Downtrend has been forming on Pick n Pay since 8 Dec 2022.
It's been a difficult period for retailer and looks like there is more downside to come.
200>21>7 - Bearish
RSI<50 - Lower highs
Target R23.20
Apart from its distribution channel issues, I think the weakening rand is the main culprit for retailers downside.
There are a few fundamental reasons such as:
Import Costs:
Pick n Pay, like many other retailers, imports a significant portion of its products.
When the rand weakens, the cost of importing goods becomes relatively cheaper.
This may lead to lower procurement costs for Pick n Pay, allowing them to reduce prices and remain competitive.
Reduced Demand:
A weakening rand can indicate economic instability or uncertainty, consumers may feel worried about their finances and may become more price-sensitive and demand lower-priced goods.

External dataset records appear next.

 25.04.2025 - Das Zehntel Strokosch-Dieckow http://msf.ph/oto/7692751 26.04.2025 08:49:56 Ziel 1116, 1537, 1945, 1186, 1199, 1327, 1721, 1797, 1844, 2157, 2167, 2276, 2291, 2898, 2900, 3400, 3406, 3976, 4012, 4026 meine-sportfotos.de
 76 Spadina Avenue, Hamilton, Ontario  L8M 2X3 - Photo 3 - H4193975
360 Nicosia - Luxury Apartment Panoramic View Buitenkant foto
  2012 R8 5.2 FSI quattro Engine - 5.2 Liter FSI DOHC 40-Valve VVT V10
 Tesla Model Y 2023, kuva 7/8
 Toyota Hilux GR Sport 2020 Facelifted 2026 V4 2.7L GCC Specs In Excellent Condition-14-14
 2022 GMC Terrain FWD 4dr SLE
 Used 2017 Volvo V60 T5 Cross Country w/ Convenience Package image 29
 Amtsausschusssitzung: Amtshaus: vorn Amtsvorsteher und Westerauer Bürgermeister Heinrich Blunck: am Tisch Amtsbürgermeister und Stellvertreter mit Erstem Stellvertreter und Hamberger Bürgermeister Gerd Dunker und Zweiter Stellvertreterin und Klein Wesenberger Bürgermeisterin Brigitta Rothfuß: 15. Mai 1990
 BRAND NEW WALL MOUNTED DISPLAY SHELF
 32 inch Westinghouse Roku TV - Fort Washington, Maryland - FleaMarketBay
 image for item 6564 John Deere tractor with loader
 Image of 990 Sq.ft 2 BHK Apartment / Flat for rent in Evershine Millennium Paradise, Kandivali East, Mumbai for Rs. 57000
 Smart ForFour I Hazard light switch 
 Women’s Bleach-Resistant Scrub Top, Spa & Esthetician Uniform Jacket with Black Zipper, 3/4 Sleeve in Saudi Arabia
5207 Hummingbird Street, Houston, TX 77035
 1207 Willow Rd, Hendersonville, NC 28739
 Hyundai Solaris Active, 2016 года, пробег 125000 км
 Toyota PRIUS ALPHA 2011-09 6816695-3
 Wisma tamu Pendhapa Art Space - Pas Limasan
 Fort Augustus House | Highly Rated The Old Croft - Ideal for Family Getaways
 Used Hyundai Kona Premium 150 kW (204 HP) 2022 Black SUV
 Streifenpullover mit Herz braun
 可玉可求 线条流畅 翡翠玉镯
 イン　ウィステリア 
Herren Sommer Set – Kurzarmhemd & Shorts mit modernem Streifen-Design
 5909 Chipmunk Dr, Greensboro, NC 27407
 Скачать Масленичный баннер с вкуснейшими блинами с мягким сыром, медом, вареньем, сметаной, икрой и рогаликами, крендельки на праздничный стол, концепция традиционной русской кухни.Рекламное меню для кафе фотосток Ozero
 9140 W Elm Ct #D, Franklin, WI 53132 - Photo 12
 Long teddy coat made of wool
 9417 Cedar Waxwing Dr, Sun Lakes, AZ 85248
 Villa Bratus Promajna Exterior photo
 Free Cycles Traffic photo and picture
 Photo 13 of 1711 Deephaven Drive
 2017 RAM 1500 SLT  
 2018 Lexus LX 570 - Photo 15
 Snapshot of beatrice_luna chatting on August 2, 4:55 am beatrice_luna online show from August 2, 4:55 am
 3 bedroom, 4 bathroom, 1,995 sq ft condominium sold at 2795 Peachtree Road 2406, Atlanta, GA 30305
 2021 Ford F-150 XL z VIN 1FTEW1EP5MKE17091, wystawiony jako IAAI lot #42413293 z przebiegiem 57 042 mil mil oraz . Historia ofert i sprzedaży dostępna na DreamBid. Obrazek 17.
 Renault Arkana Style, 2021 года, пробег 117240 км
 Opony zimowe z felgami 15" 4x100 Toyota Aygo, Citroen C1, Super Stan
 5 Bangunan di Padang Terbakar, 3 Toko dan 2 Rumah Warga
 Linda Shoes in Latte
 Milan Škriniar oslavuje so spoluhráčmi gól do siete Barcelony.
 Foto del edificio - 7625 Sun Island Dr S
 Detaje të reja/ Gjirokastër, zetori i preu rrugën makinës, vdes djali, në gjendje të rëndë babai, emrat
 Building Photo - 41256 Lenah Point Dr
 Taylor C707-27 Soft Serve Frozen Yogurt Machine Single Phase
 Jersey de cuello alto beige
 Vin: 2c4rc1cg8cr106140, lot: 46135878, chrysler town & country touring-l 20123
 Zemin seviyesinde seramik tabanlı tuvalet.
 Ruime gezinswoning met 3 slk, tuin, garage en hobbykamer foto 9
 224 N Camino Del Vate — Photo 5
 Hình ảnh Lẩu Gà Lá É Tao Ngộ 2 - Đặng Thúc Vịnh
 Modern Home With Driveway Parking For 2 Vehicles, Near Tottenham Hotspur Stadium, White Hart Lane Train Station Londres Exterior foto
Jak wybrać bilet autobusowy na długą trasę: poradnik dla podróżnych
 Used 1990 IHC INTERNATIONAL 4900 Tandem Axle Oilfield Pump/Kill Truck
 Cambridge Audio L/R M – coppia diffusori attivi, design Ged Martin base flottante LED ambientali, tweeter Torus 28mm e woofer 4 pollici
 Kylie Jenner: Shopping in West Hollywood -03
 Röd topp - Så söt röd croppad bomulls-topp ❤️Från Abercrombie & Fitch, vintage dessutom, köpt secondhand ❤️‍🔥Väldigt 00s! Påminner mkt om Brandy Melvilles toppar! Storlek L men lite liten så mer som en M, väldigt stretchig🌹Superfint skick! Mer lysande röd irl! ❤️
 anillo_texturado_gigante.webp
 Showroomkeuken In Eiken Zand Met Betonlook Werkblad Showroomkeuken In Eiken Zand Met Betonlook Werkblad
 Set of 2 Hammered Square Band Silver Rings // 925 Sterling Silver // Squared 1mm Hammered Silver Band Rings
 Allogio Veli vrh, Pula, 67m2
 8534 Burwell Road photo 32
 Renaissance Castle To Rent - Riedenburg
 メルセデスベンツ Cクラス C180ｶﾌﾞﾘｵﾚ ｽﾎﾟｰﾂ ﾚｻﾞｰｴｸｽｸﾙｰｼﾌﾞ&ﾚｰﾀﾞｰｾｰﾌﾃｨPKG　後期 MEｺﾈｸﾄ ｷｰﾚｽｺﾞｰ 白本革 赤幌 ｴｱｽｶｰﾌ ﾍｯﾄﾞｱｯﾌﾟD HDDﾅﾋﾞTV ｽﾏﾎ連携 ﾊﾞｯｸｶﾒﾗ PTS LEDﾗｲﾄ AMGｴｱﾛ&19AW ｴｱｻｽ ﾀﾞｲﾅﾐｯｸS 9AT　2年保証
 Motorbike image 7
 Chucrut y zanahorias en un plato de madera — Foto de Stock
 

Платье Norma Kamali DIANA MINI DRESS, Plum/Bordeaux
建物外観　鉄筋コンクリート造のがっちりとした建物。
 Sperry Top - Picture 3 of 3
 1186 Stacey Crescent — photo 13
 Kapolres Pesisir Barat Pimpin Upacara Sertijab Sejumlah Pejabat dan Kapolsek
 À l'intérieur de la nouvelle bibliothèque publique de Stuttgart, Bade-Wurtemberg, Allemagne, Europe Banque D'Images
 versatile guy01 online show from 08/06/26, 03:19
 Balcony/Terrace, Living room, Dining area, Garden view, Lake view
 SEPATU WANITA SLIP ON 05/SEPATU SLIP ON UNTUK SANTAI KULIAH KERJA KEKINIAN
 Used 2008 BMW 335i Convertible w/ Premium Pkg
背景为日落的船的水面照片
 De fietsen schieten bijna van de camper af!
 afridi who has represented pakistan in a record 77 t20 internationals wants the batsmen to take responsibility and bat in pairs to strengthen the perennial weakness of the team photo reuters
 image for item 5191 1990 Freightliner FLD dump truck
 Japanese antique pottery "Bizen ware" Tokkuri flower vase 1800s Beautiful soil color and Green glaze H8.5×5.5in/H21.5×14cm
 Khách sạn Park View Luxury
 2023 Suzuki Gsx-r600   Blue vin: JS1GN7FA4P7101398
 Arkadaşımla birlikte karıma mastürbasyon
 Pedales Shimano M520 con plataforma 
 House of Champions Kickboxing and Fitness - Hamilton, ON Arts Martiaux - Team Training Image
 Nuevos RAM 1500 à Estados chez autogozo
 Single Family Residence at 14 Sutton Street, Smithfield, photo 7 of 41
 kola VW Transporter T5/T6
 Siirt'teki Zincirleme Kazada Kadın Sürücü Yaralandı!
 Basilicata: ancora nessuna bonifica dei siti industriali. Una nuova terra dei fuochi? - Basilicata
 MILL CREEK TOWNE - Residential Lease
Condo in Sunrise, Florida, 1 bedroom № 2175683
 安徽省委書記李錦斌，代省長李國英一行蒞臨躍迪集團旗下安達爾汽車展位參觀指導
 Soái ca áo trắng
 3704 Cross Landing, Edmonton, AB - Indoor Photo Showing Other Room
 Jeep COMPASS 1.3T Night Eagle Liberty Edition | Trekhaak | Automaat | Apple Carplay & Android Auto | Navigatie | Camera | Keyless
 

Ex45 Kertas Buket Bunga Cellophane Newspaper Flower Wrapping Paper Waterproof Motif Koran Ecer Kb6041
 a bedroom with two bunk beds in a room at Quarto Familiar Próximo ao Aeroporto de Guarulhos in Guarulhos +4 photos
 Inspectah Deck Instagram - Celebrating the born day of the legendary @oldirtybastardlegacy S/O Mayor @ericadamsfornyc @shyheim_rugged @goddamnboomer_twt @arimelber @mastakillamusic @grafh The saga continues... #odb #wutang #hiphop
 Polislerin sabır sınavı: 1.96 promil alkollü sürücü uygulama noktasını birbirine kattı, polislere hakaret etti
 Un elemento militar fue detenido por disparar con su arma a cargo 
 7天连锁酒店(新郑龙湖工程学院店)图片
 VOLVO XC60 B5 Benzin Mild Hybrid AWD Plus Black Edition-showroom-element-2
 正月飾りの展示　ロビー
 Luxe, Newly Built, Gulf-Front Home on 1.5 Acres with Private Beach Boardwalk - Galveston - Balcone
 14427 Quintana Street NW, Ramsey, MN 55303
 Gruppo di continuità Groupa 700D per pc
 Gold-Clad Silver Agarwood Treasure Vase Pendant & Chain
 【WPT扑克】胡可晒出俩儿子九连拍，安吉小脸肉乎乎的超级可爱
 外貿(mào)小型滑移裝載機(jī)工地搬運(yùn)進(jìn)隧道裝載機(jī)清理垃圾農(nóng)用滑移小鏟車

This gives Pick n Pay the undesirable incentive to respond by reducing prices. (Not that we've seen this!)
Supplier Negotiations:
When the rand weakens, suppliers may face higher costs for raw materials or imported goods.
In order to maintain their business relationships and secure supply, suppliers might negotiate lower prices with retailers like Pick n Pay.
These cost reductions can be passed on to consumers through lower prices.
Inflation Pressure:
A weaker rand can lead to higher inflation. Imported goods become more expensive, which can lead to higher overall prices for consumers. If inflation rises faster than wages, consumers may cut back on spending.